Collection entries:
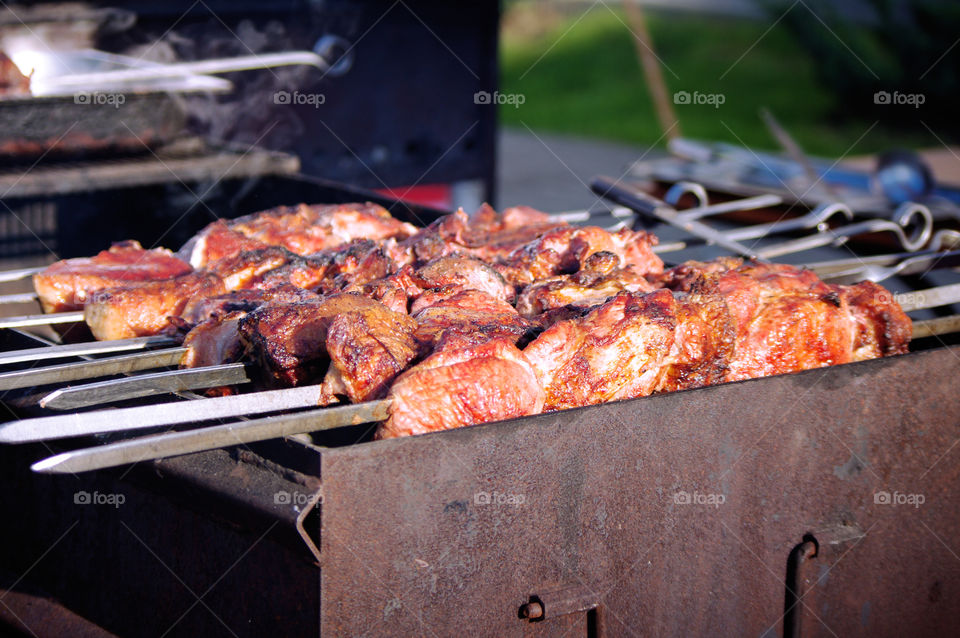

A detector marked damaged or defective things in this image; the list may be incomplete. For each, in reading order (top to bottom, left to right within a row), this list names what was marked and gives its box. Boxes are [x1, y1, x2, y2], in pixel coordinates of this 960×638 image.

rusted metal surface [318, 348, 960, 636]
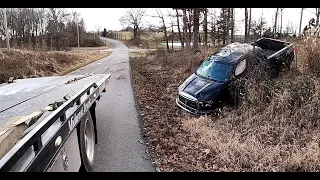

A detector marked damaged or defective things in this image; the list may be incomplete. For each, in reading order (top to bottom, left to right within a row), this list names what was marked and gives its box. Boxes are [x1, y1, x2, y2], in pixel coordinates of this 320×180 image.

crashed black car [176, 37, 296, 114]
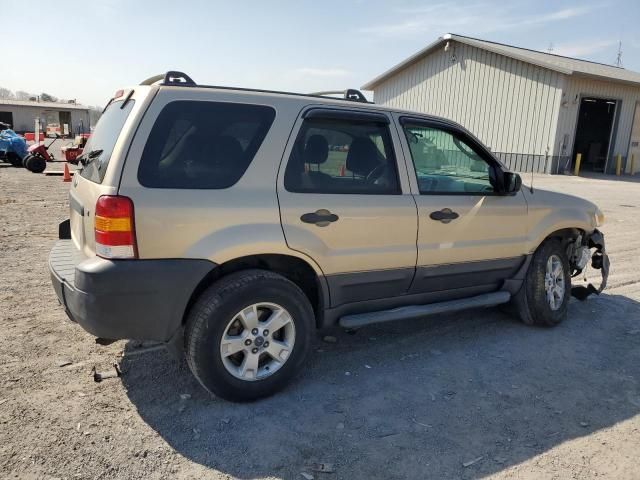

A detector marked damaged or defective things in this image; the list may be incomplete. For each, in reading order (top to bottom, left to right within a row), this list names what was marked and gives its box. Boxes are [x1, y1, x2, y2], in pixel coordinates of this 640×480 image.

damaged front end [568, 229, 608, 300]
damaged front bumper [568, 229, 608, 300]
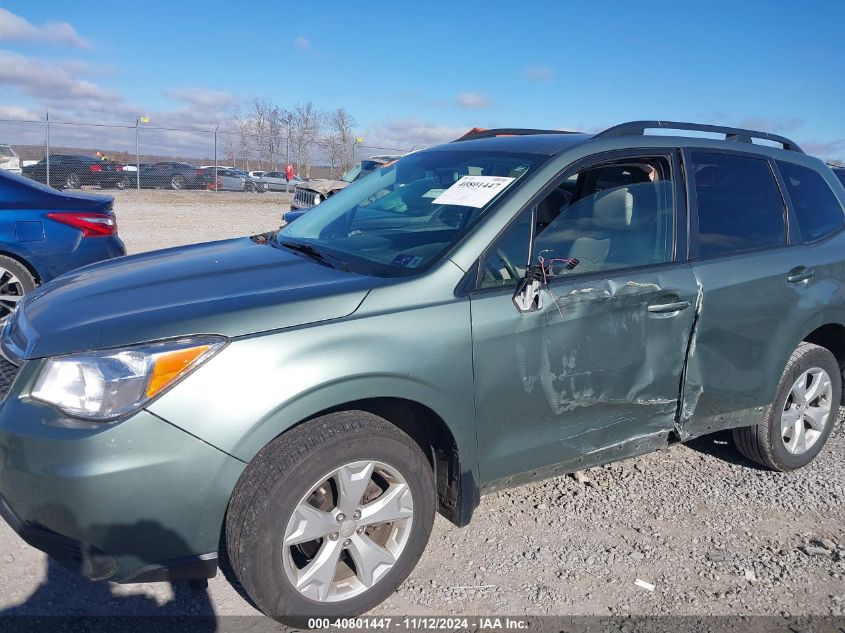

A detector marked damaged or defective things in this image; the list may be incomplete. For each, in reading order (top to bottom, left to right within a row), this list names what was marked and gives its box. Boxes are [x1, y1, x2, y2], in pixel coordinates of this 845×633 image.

cracked side mirror [512, 276, 544, 312]
dented door panel [472, 262, 696, 484]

** ASSIGNED TASK **
Please return exactly the lines that run from the line with "this 845×633 image." through the end of the records above, both included, and nothing more.

** ANSWER TO THIS EXERCISE **
A detector marked damaged or defective things in this image; the list may be incomplete. For each, in reading order (top to bottom, left to right within a row), this list names what was marked and gives its box. Boxes are [x1, y1, x2, y2], in pixel coordinates of this 845×633 image.

cracked side mirror [512, 276, 544, 312]
dented door panel [472, 262, 696, 484]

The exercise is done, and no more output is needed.